Pressing Comey further, Rogers wondered if "entering into a commercial enterprise to sell stolen material is acceptable to a legitimate news organization?"
"I'm not sure I'm able to answer that question in the abstract," Comey responded.
But Rogers wasn't done yet. "It's something we ought to think about, is it not?"
"Certainly," Comey replied.
Rogers did not go into further detail on the subject. The three reporters who landed the first Snowden scoops are all working on books pertaining to his leaks, which has led to scattered criticisms that they are seeking to profit from his revelations.

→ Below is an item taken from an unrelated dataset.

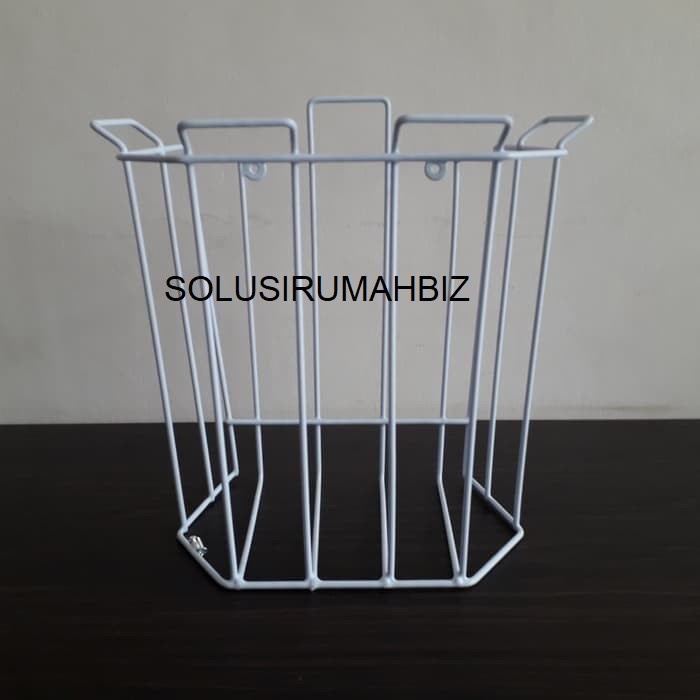 TEMPAT SAMPAH 28.5 x 19 x 31 KERANJANG LAPIS PVC COATING HPL INTERIOR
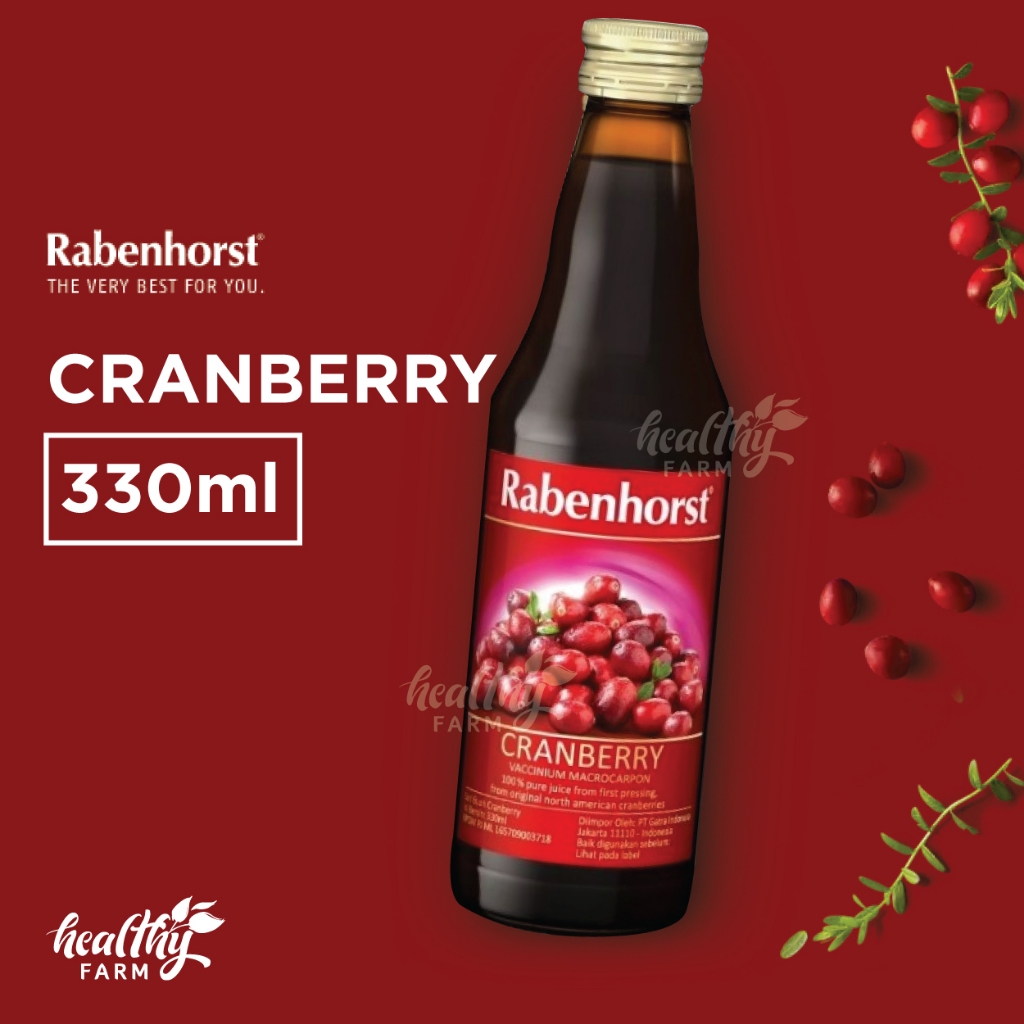 

Rabenhorst Cranberry Pure Juice / Minuman Sari Buah Cranberry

Since leaving the Guardian, Greenwald has also entered into freelance agreements with The Huffington Post and other news organizations.
Greenwald blasted back at the former FBI agent on Twitter:
Too cowardly to specify RT @JasonUkman RepMike Rogers leaving little doubt he thinks at least some journalists broke US law on Snowden story
— Glenn Greenwald (@ggreenwald) February 4, 2014
A House Intelligence spokesperson declined to comment further on Rogers' remarks.
Rogers also spoke of "accomplices in purveying stolen information" in an apparent reference to Director of National Intelligence James Clapper's suggestion last week that journalists could be considered Snowden's "accomplices."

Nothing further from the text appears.